- [Source material]
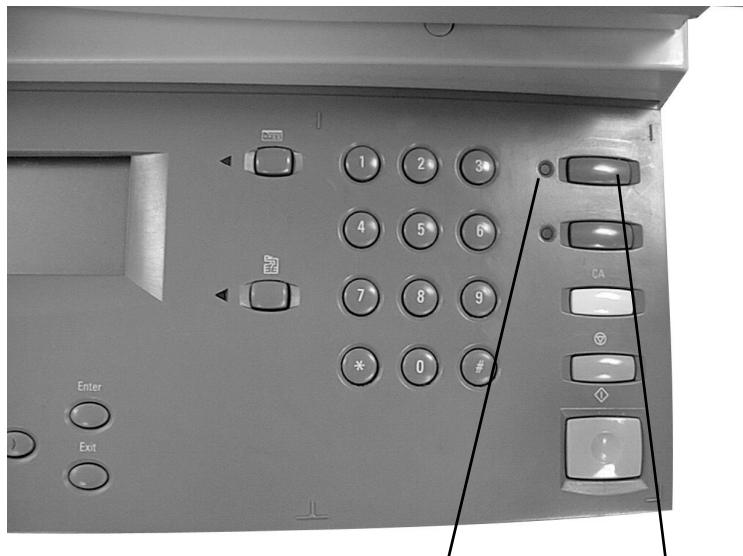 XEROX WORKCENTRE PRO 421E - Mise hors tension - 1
--
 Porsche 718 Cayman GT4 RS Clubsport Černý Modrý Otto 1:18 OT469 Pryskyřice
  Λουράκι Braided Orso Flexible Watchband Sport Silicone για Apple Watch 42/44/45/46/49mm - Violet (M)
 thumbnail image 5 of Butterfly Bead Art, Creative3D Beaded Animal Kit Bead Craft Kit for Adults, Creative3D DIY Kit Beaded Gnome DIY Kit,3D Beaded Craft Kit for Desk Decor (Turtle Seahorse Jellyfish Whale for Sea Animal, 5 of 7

- [Requirement]
Begin with the line that has "Porsche 718 Cayman" in the listing above and end after the line that has "Λουράκι Braided Orso"; output those lines exactly.

- [Task solution]
 Porsche 718 Cayman GT4 RS Clubsport Černý Modrý Otto 1:18 OT469 Pryskyřice
  Λουράκι Braided Orso Flexible Watchband Sport Silicone για Apple Watch 42/44/45/46/49mm - Violet (M)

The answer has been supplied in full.